The command does the following:

  • radosgw-admin zonegroup placement default – Choose a default placement group for a particular zonegroup
  • --rgw-zonegroup default – This default placement group is only applied to the zonegroup named default. The zone (the ceph cluster) is responsible for mapping the placement rule to the pools.
  • --placement-id hot-data-placement – Name of the new placement rule to be set as default.

Although a new storage class can be created for the same placement rule and it can be set to default; doing so has no effect whatsoever. This is also explained further down in the article.

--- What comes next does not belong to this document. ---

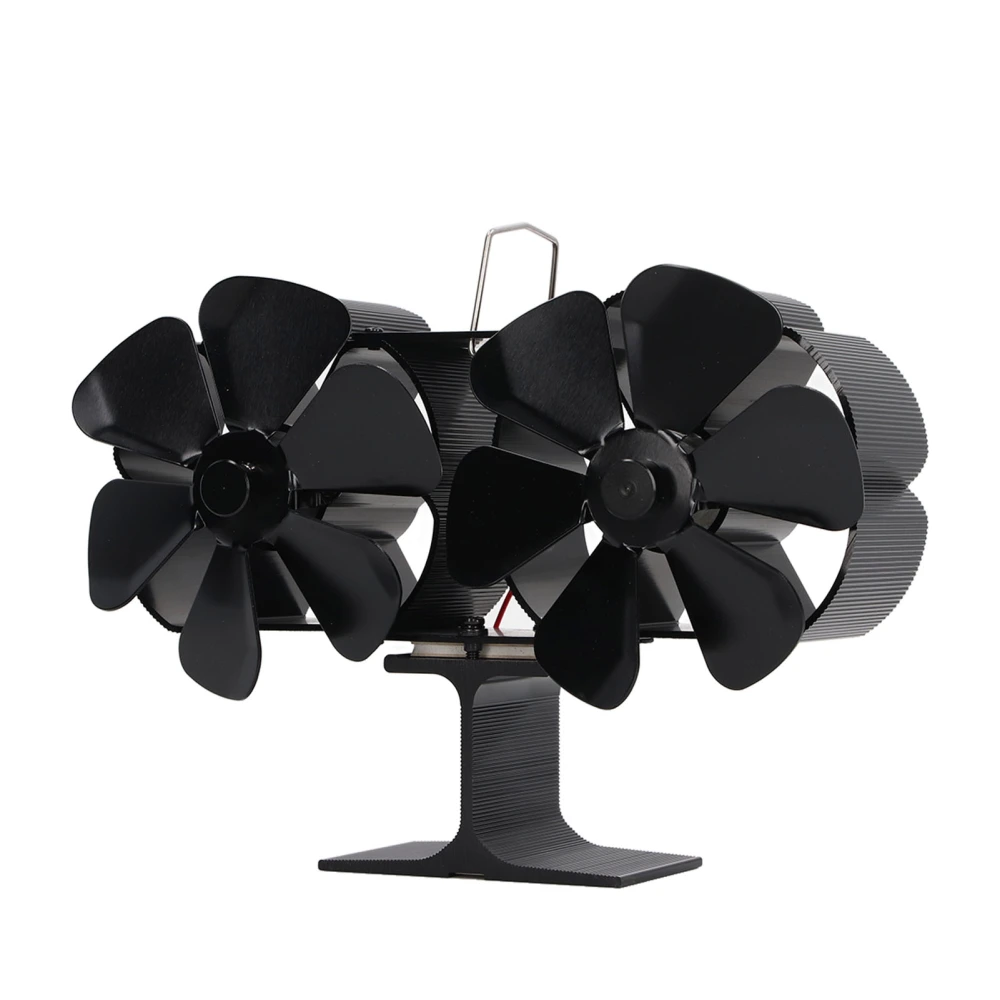 6 Blades Heat Powered Stove Fan Dual Head Fireplace Fan Home Non Electric Fan Black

Bucket Creation with Non-Default Placement Rule with croit

Placement rules can be easily selected during bucket creation:

Bucket Creation with Non-Default Placement Rule with CLI Tools

When creating a bucket, in both instances, the default:hot-data-placement header is passed in the request that tells ceph which zonegroup and placement rule to choose.

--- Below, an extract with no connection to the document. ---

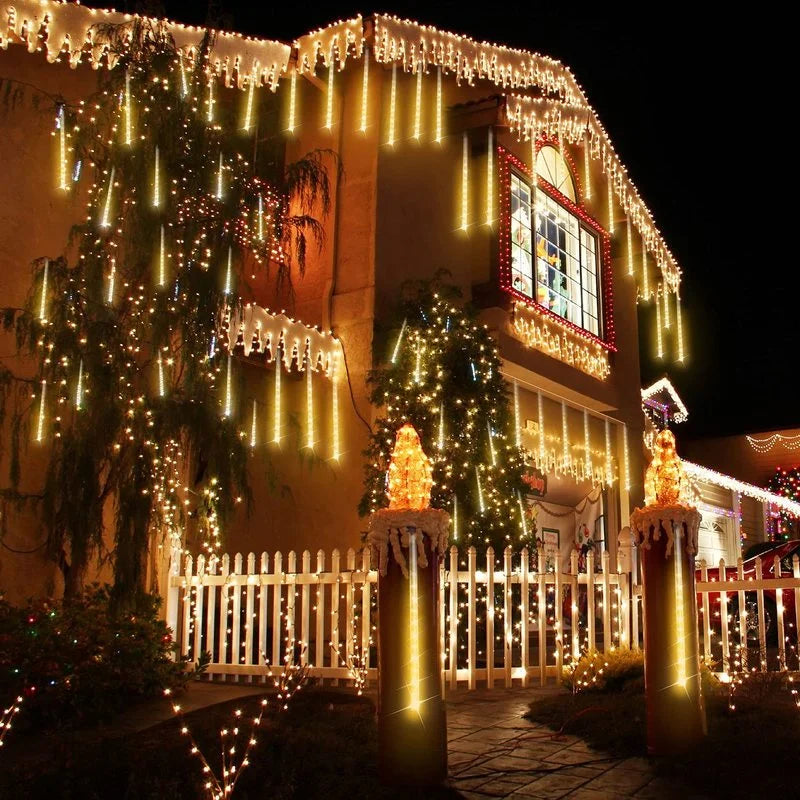 Außenbeleuchtung LED Wasserfall Tropfen Wasserdicht für Garten und Terrasse 3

The client is an Arch Linux VM with the following client versions:

With AWS CLI, it would look like this:

$ aws --endpoint-url http://172.31.117.89 \
s3api create-bucket \
--bucket hot-bucket \
--create-bucket-configuration 'LocationConstraint=default:hot-data-placement' \
--debug
[...]
2024-05-30 23:41:59,739 - MainThread - botocore.endpoint - DEBUG - Making request for OperationModel(name=CreateBucket) with params: {'url_path': '', 'query_string': {}, 'method': 'PUT', 'headers': {'User-Agent': 'aws-cli/1.32.106 md/Botocore#1.34.106 ua/2.0 os/linux#6.7.12-orbstack-00202-g57474688ffbd md/arch#aarch64 lang/python#3.12.3 md/pyimpl#CPython cfg/retry-mode#legacy botocore/1.34.106'}, 'body': b'default:hot-data-placement', 'auth_path': '/hot-bucket/', 'url': 'http://172.31.117.89/hot-bucket', 'context': {'client_region': 'us-east-1', 'client_config': , 'has_streaming_input': False, 'auth_type': 'v4', 's3_redirect': {'redirected': False, 'bucket': 'hot-bucket', 'params': {'Bucket': 'hot-bucket', 'CreateBucketConfiguration': {'LocationConstraint': 'default:hot-data-placement'}}}, 'input_params': {'Bucket': 'hot-bucket'}, 'signing': {'region': 'us-east-1', 'signing_name': 's3', 'disableDoubleEncoding': True}, 'endpoint_properties': {'authSchemes': [{'disableDoubleEncoding': True, 'name': 'sigv4', 'signingName': 's3', 'signingRegion': 'us-east-1'}]}}}
[...]

aws --endpoint-url http://172.31.117.89 – The endpoint URL is the URL of the RGW service or a load balancer that reverse proxies to multiple RGW services

s3api create-bucket – create a bucket using the s3 api

--bucket hot-bucket – the name of the bucket is hot-bucket

--create-bucket-configuration 'LocationConstraint=default:hot-data-placement' – apply the given configuration: the LocationConstraint here with s3api corresponds to the zonegroup‘s api_name (here: default) and a custom placement rule (here: hot-data-placement), separated with a :.

With S3CMD, it would look like:

$ s3cmd mb s3://cold-bucket \
--region default:cold-data-placement \
--debug
[...]
DEBUG: bucket_location: default:cold-data-placement
[...]
  • s3cmd mb s3://cold-bucket – make bucket with s3, name it cold-bucket
  • --region default:cold-data-placement – the region (similar to aws cli) is :

Using --storage-class with s3cmd to set a non-default storage class during creation also has no effect. AWS CLI does not accept a –storage-class flag while creating a bucket Uploaded objects will end up in the default storage class of the placement rule. A --storage-class provided during upload of objects results in expected behaviour.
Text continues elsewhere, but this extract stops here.